Celui qui se présente comme le candidat de la loi et de l'ordre a été le président de l'arbitraire et du désordre dans les rues des villes. Trump a annoncé le retrait des troupes américaines d'Allemagne, et a envoyé la troupe à Portland. Se posant comme "le seul rempart entre le rêve américain et l'anarchie, la folie et le chaos", et la menace d'une présidence "socialiste" (celle de Joe Biden... qui ironise : "est-ce que j'ai l'air  d'être un socialiste radical avec une affinité pour les émeutiers ?"), Trump, misant sur la peur du désordre pour mobiliser son électorat, a organisé une sorte de chaos politique, ramenant le débat démocratique à un échange de horions et réduit le discours politique aux limites d'un tweet.

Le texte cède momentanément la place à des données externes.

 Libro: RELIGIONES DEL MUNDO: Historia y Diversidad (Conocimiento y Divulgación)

Et sa conseillère du moment, Kellyanne Conway, confirme sur la chaîne (très à droite) Fox News : "Plus il y a de chaos, d'anarchie, de vandalisme et de violence, plus cela illustre clairement qui représente le meilleur choix pour la loi, l'ordre et la sécurité publique".

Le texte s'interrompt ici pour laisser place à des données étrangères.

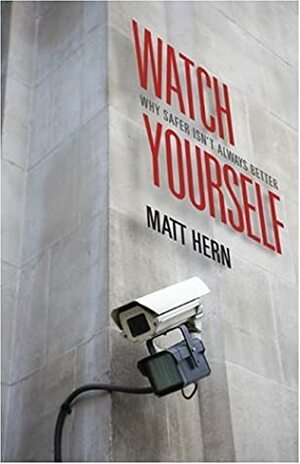 Watch Yourself: Why Safer Isn't Always Better by Matt Hern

Biden, candidat de gauche, fourrier du socialisme comme le considère Trump (et, en écho, le vice-président Pence, pour qui le très modéré candidat démocrate est "le cheval de Troie de la gauche radicale" ? La plaisanterie peine à convaincre au sein même du parti de Trump  : Un groupe de personnalités républicaines s'est rassemblé dans le "Lincoln Project" pour contribuer à la défaite de Trump, que le seul ancien président républicain encore en vue, Dobleyou Bush, refuse de soutenir, et son Secrétaire d'Etat, Colin Powell, soutient Biden, pour qui  des comités d'action dirigés par des républicains, y compris d'anciens responsables des campagnes de Bush et de McCain, appellent à voter, comme 70 anciens élus du "grand vieux parti", qui, dans une lettre ouverte publiée par le Wall Street Journal, considère que Trump a "montré qu'il était dangereusement inapte à faire un nouveau mandat", qu'il avait "gravement mis en danger le rôle de l'Amérique comme leader du monde", avait été "incapable de diriger le pays pendant la crise nationale" de la pandémie, et avait "sapé la confiance en nos élections" et donc en la démocratie américaine.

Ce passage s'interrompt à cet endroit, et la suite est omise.